Now that we are back to work after two mid-week holidays, we have a warning for you: Your office is out to get you.

As flu season is at a feverish pace — and, in Florida, off to its fastest start in years — offices are a “breeding ground for disease,” according to Stratus Building Solutions.

The nationwide firm — which has offices in Miami, Palm Beach County and Tampa — provides commercial cleaning and janitorial services to offices.

Stratus conducted a survey that noted a lot of, well, gross things your officemates are doing — not you, of course. Among them: not washing their hands after using the restroom (61% of the respondents ratted out their coworkers for this habit) or working out in the office gym and coming back to their desk all stinky.

More than half said they use a paper towel or handkerchief to open office doors because they think the office is dirty.

But spinning off of that precaution, flu season is at its peak between December and February, according to the Centers for Disease Control and Prevention, and the survey named the most germ-ridden places in the average office. Breeding grounds for influenza.

And it’s costing us in dollars, too.

According to the CDC Foundation, “the flu costs American workers more than $87 billion annually and results in 17 million lost workdays each flu season.” The cost is about $16.3 billion in lost earnings annually.


Purses, pens, phones and keyboards can be germ-ridden and lead to the spread of flu in offices. Howard Cohen [email protected]
▪ Women’s offices contain more than twice the germs as offices of men, Stratus said. That’s because makeup cases, phones and purses have the most bacteria. Guys, don’t be smug. We bet your wallets and phones and briefcases aren’t clean enough to eat off of, either.

▪ Elevator buttons. If you aren’t taking the stairways to boost your health, just think how many people punch the floor button. After wiping their itchy noses.

▪ Doorknobs and handles.

▪ Office items like the copier machine, books and ledgers we share, pens and staplers.

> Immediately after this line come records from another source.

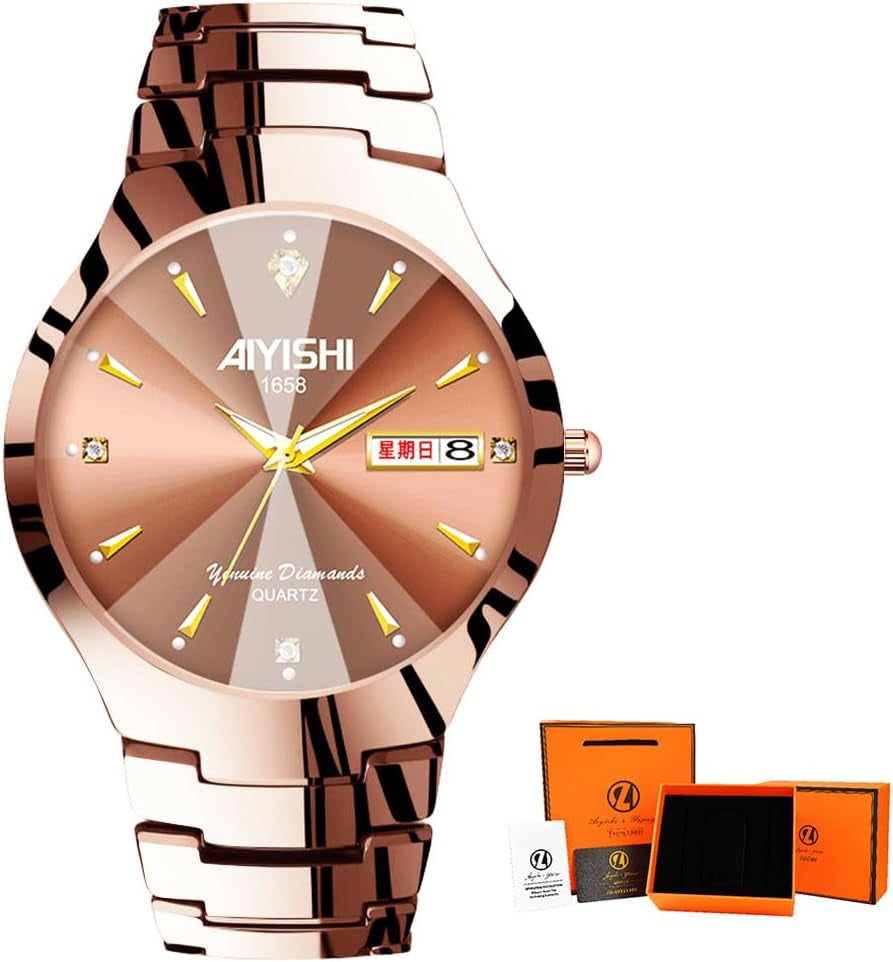 Watches for Men with Date Luxury Diamond Waterproof Mens Wristwatch Analog Dress Stainless Steel Man Watch Luminous Rose Gold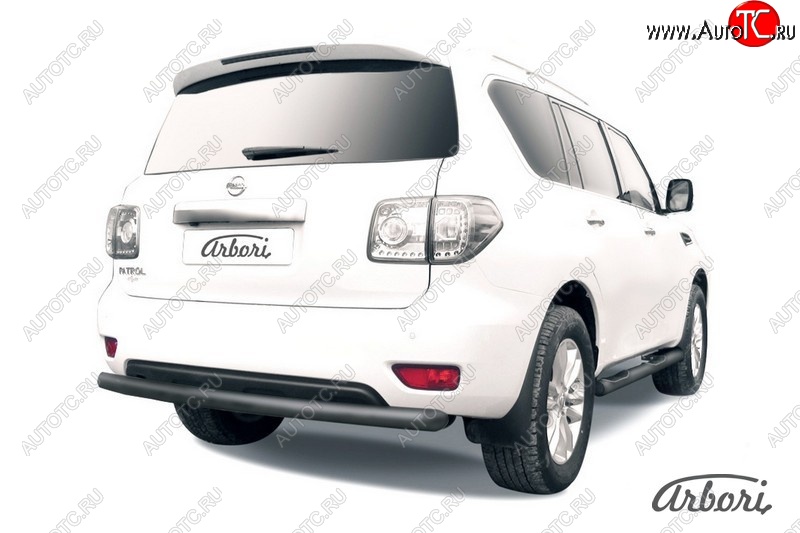 12 059 р. Защита заднего бампера Arbori (черная, 1 труба d76 mm). Nissan Patrol 6 Y62 дорестайлинг (2010-2014)  с доставкой в г. Майкоп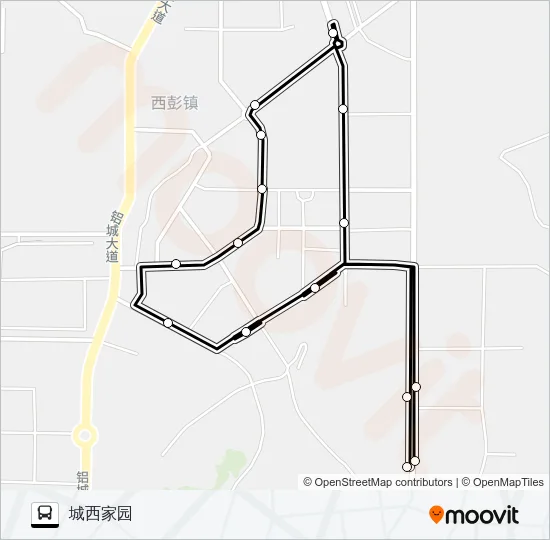 公交406内环路的线路图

▪ The office kitchen. Beyond that stinky refrigerator every office seems to have, we all touch the microwave, the vending machines, water coolers, sink sponges and food and containers touched by colleagues. Speaking of which ...

▪ Keyboards and phones.


▪ Get a flu shot, the CDC urges.

Florida is one of 45 states, including Puerto Rico, where flu activity is increasing in the most recent CDC report released Monday, WebMD noted.

Nationwide there have been at least 6.4 million flu illnesses, 55,000 hospitalizations and 2,900 deaths from flu so far this season — 27 of which were children and three of them were in Florida. The children who died were not vaccinated this season, according to the Florida Department of Health.

▪ Stay home if you’re feeling funky — and we don’t mean James Brown funky. We mean run-down, sniffly and achey.

“People are the most contagious during the first two to three days of contracting a cold and about five days after being infected with the flu — even before symptoms develop,” Stratus said.

▪ Put a barrier between you and the flu.

This can be as simple as using a paper towel or your shirttail when opening or closing a door in the office.

Do the same when pressing the elevator button.

▪ Avoid touching your face, eyes or rubbing your nose.

▪ Don’t stress out. Hydrate by drinking more water and get adequate sleep.

You don’t want to look too much like a germ-o-phobe by walking around with paper towels every time your boss calls you into her office or with your fingers in your shirt tail in the elevator. So if you happen to touch things, try not to stress too much. Stress weakens the immune system. Just make sure you don’t increase your odds of catching the flu by rubbing your face after touching office supplies and heed the next warning:

One of the most germ-ridden places is the top of the soap dispenser in the bathrooms. This doesn’t mean avoid touching those dispensers, but make sure to wash your hands in warm water for about 20 seconds and use the soap.

Stratus promoted the idea of “Fight the Flu Kits” in offices and these would include new pens to replace the old, germ-infested pens we use ever day. Also, the availability of cleaning wipes — like those you increasingly see at grocery stores near the shopping carts (a big germ bed). And hand sanitizer to use since we do things like shake hands, share documents and supplies, and eat in common areas.